(Description of the task): Skip the pictures. Output only the lines below starting at the line with "STXNGTM NR EUR Chart" and ending at the line with "Why RevvLab for Game development?", both ends included, exactly as they are.

(Input records):
--
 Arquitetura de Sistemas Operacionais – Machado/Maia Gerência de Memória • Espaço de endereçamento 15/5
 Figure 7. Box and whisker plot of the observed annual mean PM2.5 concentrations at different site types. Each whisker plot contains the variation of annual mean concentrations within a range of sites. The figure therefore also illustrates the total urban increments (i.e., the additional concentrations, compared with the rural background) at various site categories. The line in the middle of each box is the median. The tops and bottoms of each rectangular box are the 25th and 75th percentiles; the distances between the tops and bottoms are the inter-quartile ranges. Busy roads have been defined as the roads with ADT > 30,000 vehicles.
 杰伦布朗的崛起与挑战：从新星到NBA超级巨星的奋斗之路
--
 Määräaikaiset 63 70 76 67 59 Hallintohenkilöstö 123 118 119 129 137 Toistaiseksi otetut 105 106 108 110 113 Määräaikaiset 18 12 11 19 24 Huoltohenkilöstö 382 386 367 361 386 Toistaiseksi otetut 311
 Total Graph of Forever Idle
--
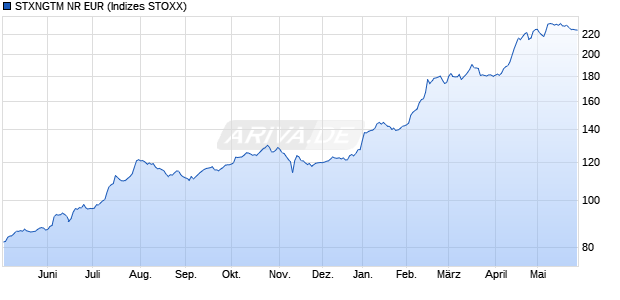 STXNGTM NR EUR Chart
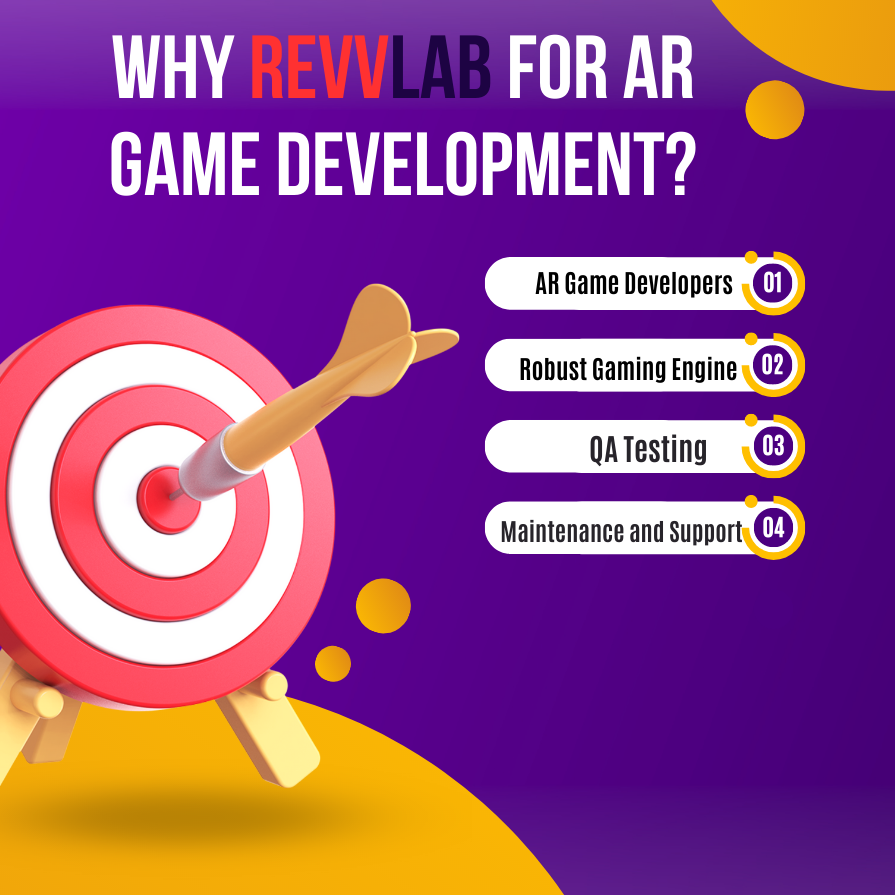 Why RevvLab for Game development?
--
(Answer to this problem):
 STXNGTM NR EUR Chart
 Why RevvLab for Game development?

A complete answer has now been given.